2. Non-recycled Tissues
Your ass is not grass and your nose knows. Sand paper won’t go there, happily. It’s too bad they cannot make a softer, gentler toilet paper or Kleenex, and until they do, I pick the less prickly of the varieties – paper products that don’t give me a rash and turn an already bumpy nose into a Rudolph shiner.
3. Leather Goods
While we have increasing evidence that it isn’t good to eat anything with a face, it is the year of the boots – thigh high, equestrian, chunky heeled, wedged. And leather jackets are cool, way more cool than fleece and hemp but perhaps not as functional and certainly more destructible. It seems easier to say no to fur than to the hide. Sorry. I like belts that are wide.
4. Camera Wizard
Are you a walking, breathing Kodak ad?

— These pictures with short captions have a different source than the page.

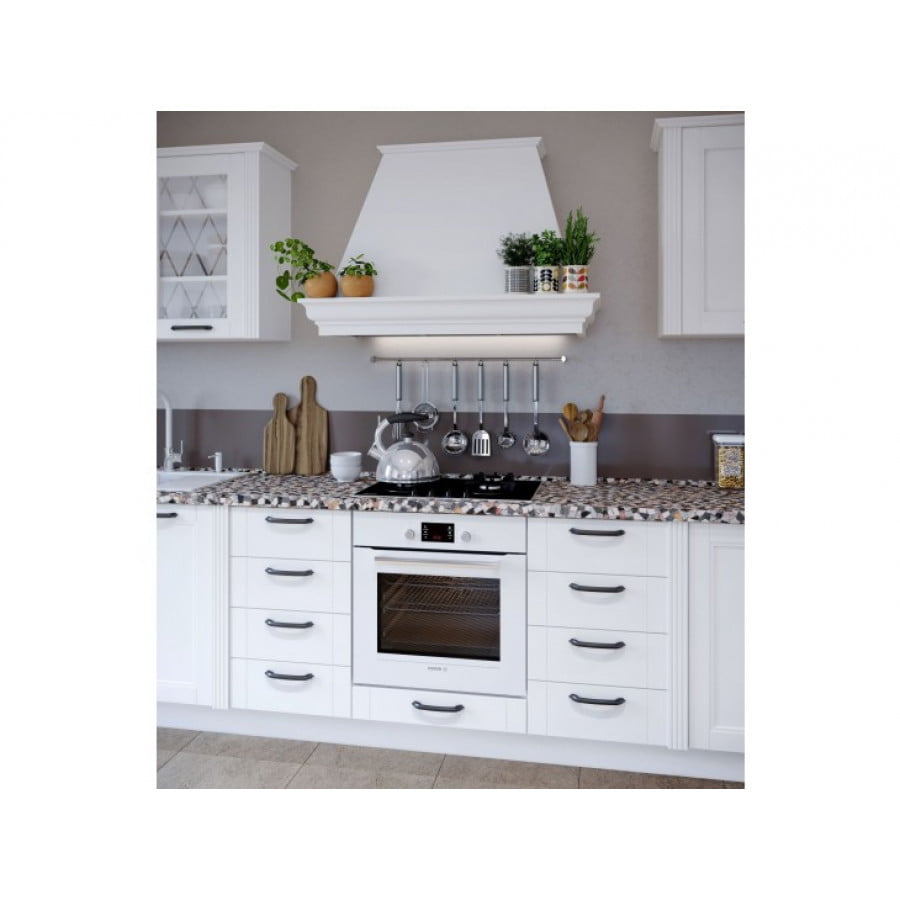 Kuhinja EMA 2 je moderna, rustikalna in kvalitetno narejena kuhinja. Dobavljiva je v beli barvi. Kuhinja ima mehko zapiranje predalov in vrat. Fronte kuhinje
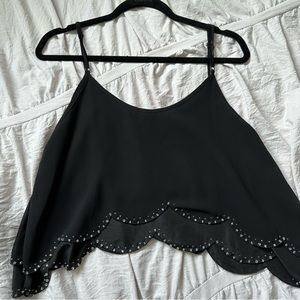 Black tank with scalloped beaded detailing and adjustable straps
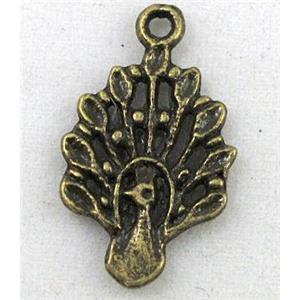 Tibetan silver peacock pendants, Non-nickel, antique bronze, approx 11x19mm [DK10222]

I seem to go through my HP ink too fast for comfort – and it costs a bundle. But it is very tempting to print out images that connect us to memories, photographs and scanned artwork. Digital photography and Microsoft technology has made all of us little Annie Liebovitzes. Download off Facebook or your camera, crop, re-size, print and frame. Oh, and don’t forget the holiday cards you customize.
5. Gas in the Tank
Commuters are on bikes, everywhere, risking life and limb to save on gas and stay in shape, while others hop on public transit. Even so, we can’t stop filling the tank in our own machines for those times when it is simply too complicated to ride: Carpooling to school, late night parties, camping or other sporting trips, and places where we shouldn’t drive but are just too tired or lazy to opt for the alternative.
6. Buying Books
No pulp is just too cold for many of us. This, despite the fact Kindle ereaders are a mega hit with users who enjoy being able to download dozens of reads for that commute to work or time off on the beach. Authors and publishers make money, either way, but we cannot let go of that romantic attachment to the hard cover or paperback in its classic form.
Yes, the commercial airline industry has taken a hit but we continue to fly business and first class as write-offs when just about any meetings and conferences can be done via telecommuting in the year 2010. No one wants to see jets grounded for good, but there was a time when flying was a privilege, a luxury. But now, with the frequency of boarding a Greyhound bus, we round-trip it on Southwest, figuring the fuel cost outweighs a six hour drive, any day. Meanwhile, we await that cost-effective jet biofuel the Pentagon announced it is developing.
8. Non Organic Meat
Restaurants, markets and diners cite every excuse in the book for preferring Midwestern prime over free-range, grass fed beef. And surprisingly, America’s top-notch steak houses are still serving up factory cow to their discerning customers, saying it’s a matter of taste and access over health and humane conditions. Sorry, Temple Grandin and Michael Pollan – but humanely raised local organic is not what’s for dinner in a majority of kitchens.
9. Replacing Worn Running Shoes
The sports shoe industry is designed like the cell phone trade; the product becomes unattractive, unhealthy and useless to us over time, so we do the all-American thing and replace it. I moan each time my tread gets worn down while the canvas and leather and rubber or whatever else makes a running shoe seems to be in great shape. Until we can just replace the treads, we keep getting new ones.
10. Using Conventional Beauty Products
It’s the other green thumb, the one that has icky smelly trendy polish glossing it. It’s not like we don’t know the dangers of nail polish exposure and other beauty products we use religiously, but we do get lazy about picking stuff up when and where we can, such as buying mascara at the drugstore and undergoing a quick and dirty mani-pedi at the hood’s micro spa. I feel pretty but my health could be worse for the wear from all the chemicals. Guess we all could use a cleaner foundation!